[EXCERPTED RECORDS — start]

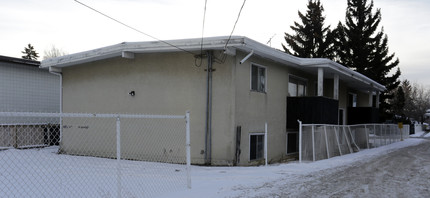 816 67th Ave SW in Calgary, AB - Building Photo - Building Photo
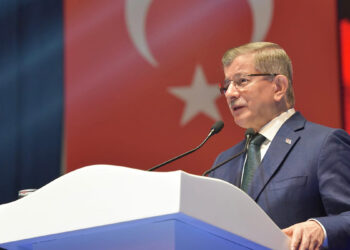 Davutoğlu'na 'Cumhurbaşkanına hakaret' soruşturması: Sosyal medya paylaşımları incelendi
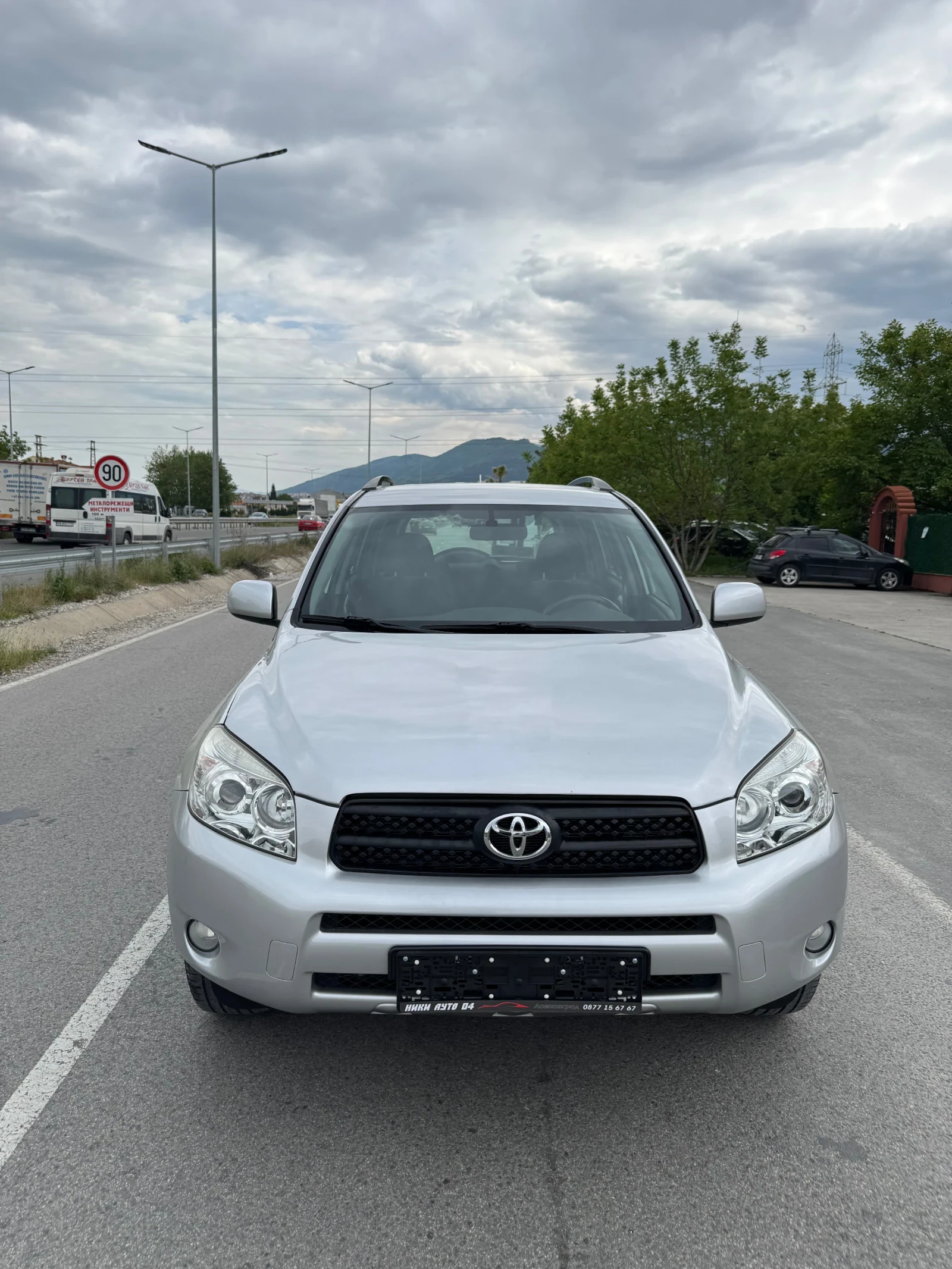 Toyota Rav4 2.0 бензин* АВТОМАТИК* УНИКАЛЕН , снимка 2 - Автомобили и джипове - 54457407
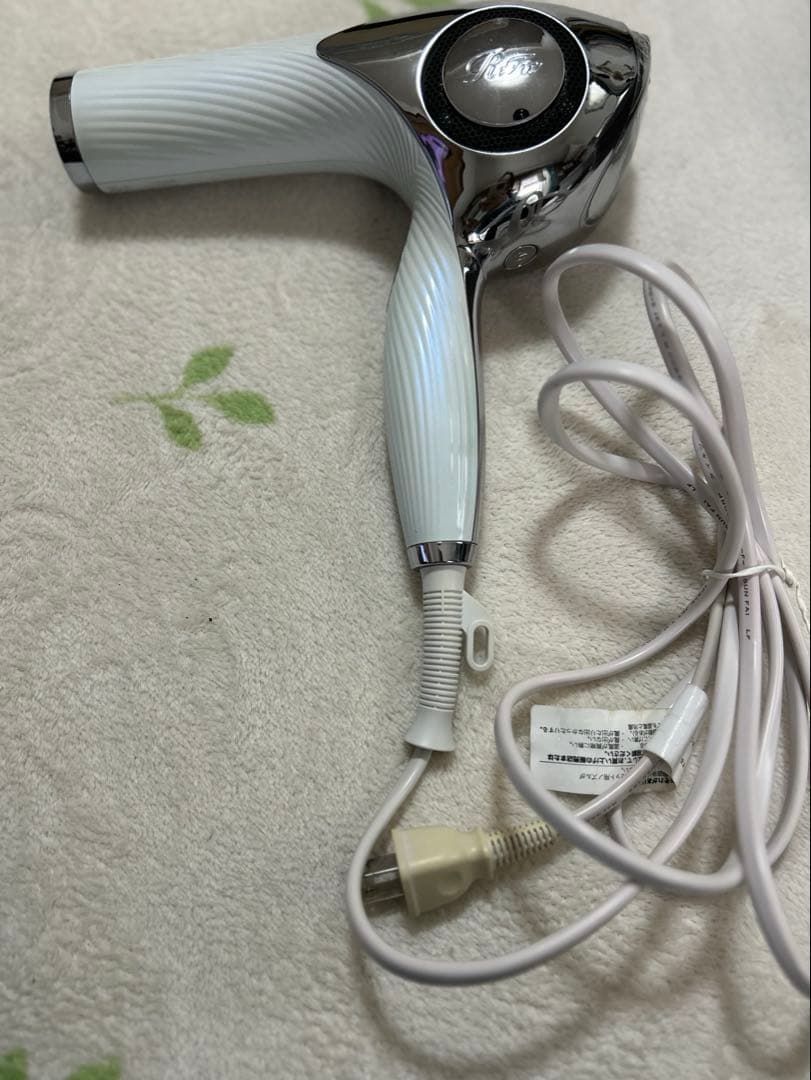 Refaヘアドライヤー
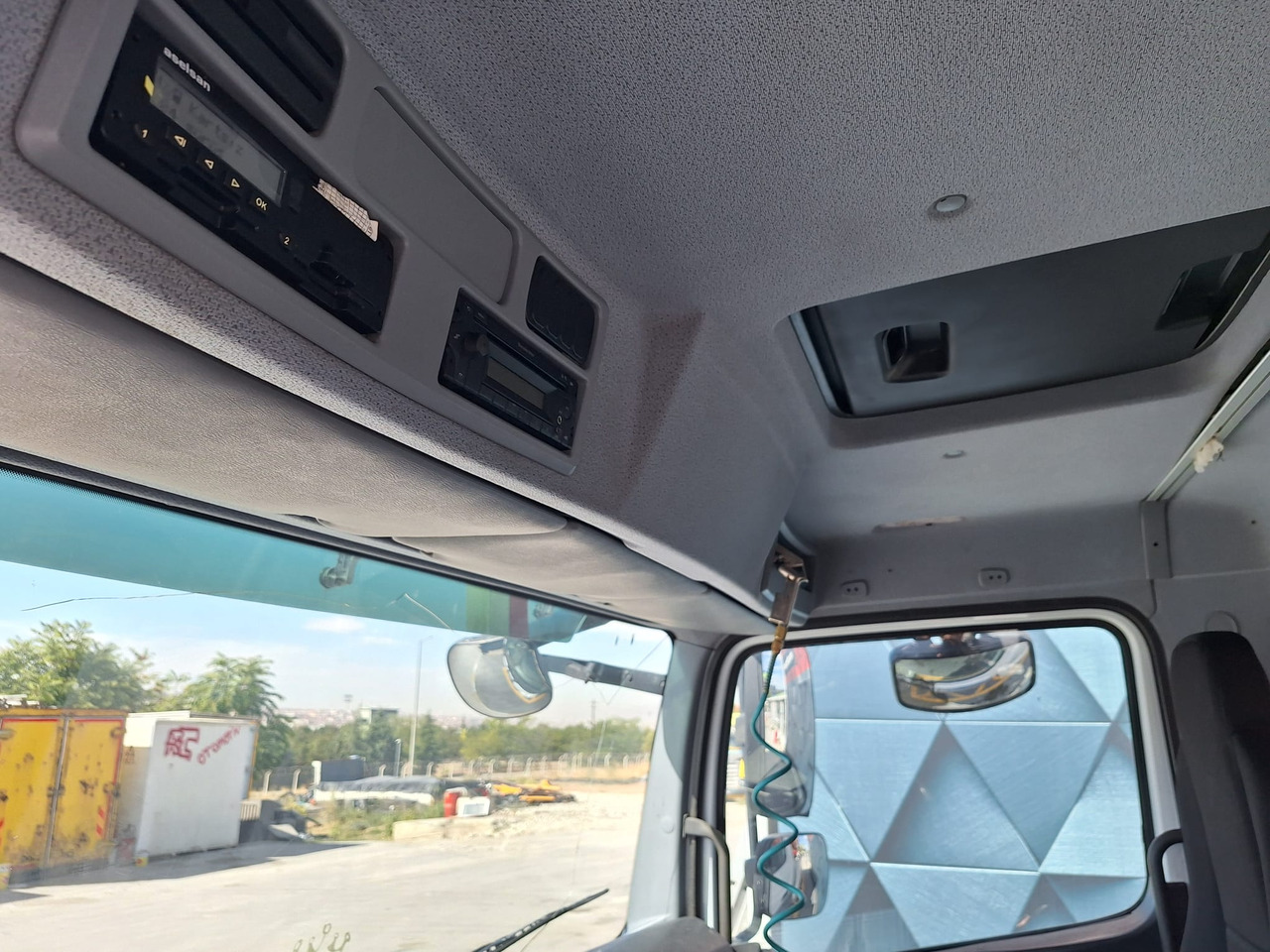 Locação financeira de MERCEDES-BENZ AXOR 4140 ZOOMLION 43X-5RZ MERCEDES-BENZ AXOR 4140 ZOOMLION 43X-5RZ: foto 18 Locação financeira de MERCEDES-BENZ AXOR 4140 ZOOMLION 43X-5RZ MERCEDES-BENZ AXOR 4140 ZOOMLION 43X-5RZ: foto 18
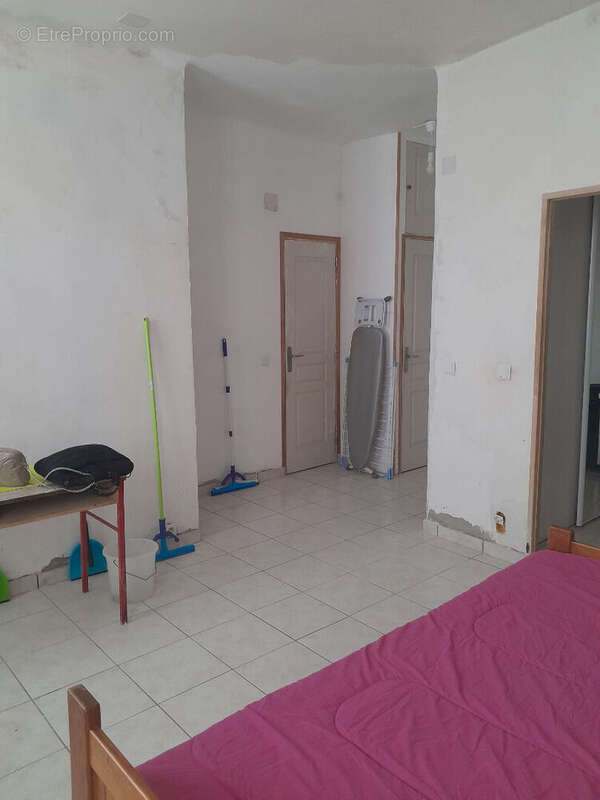 Appartement à MARSEILLE-6E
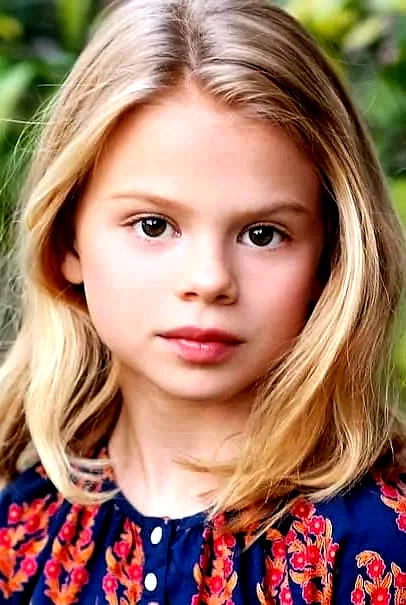  Scarlett Fernandez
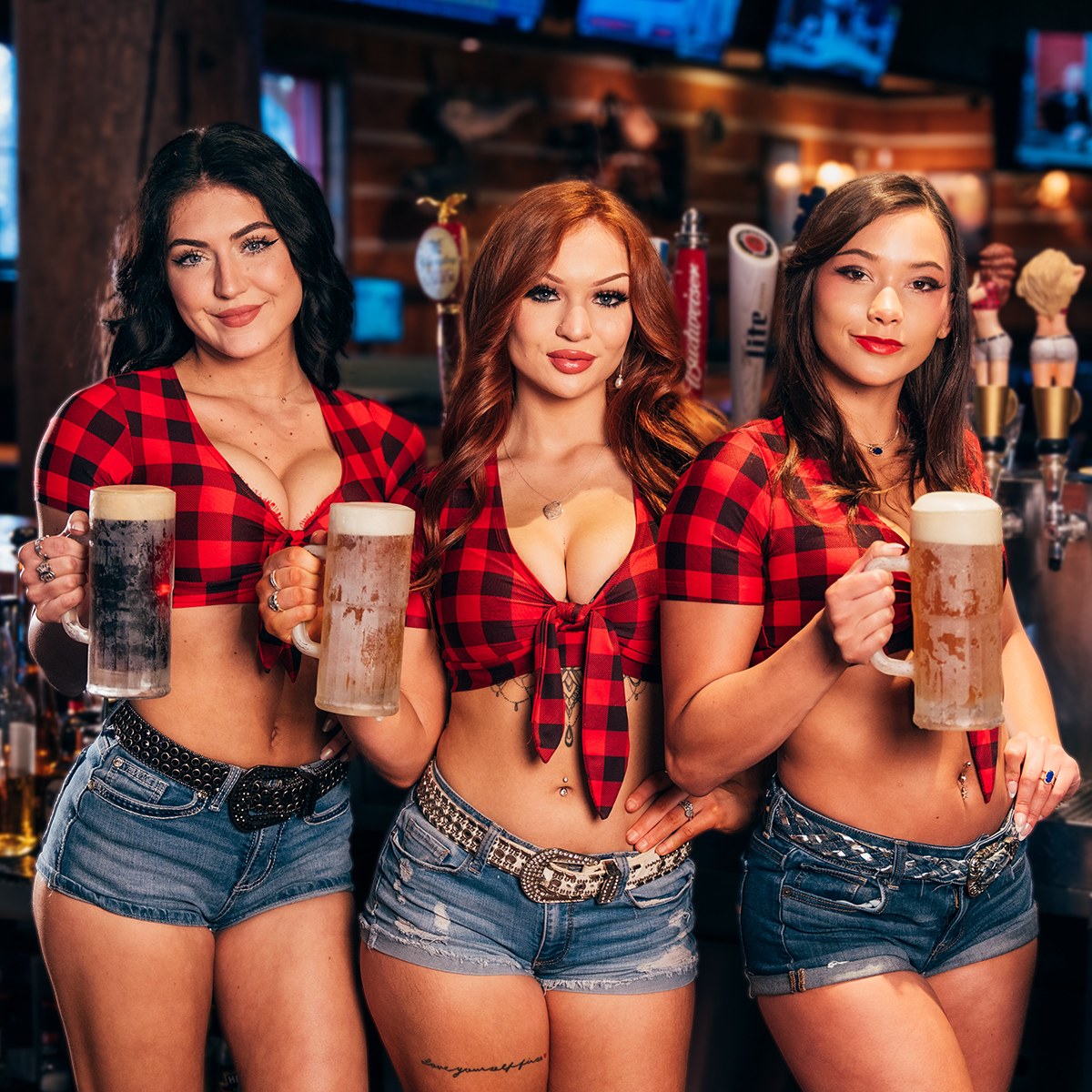 The NFL’s future stars are in the building for Round 1 of of the draft. Watch the first 32 picks live from your local lodge with a hand-smashed Billionaire's Bacon Burger for yourself and a round of 29° drafts for the table. #twinpeaks #twinpeaksrestaurants #nfl #nfldraft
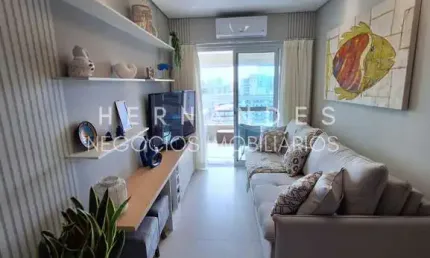 Apartamento à venda em Praia Grande-SP, bairro Mirim: 2 dormitórios, 1 suíte, 2 salas, 2 banheiros, 1 vaga, 77m². Semi mobiliado, ar condicionado, condomínio de frente para a praia.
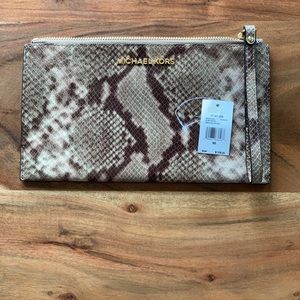 Michael Kors Lg Grey ZIP Clutch Embossed Leather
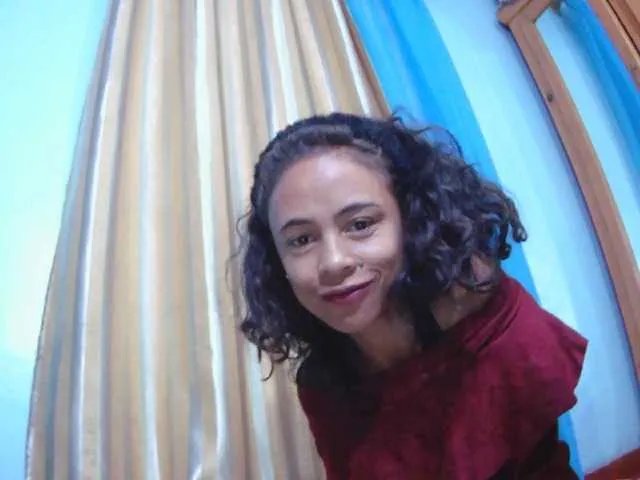 Roxanne03 on BongaCams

[EXCERPTED RECORDS — finish]

- [ABOUT THIS EXERCISE]: Drop the pictures, then reproduce exactly the lines from the one with "Michael Kors Lg" through the final line of the listing.

- [YOUR RESPONSE]:
 Michael Kors Lg Grey ZIP Clutch Embossed Leather
 Roxanne03 on BongaCams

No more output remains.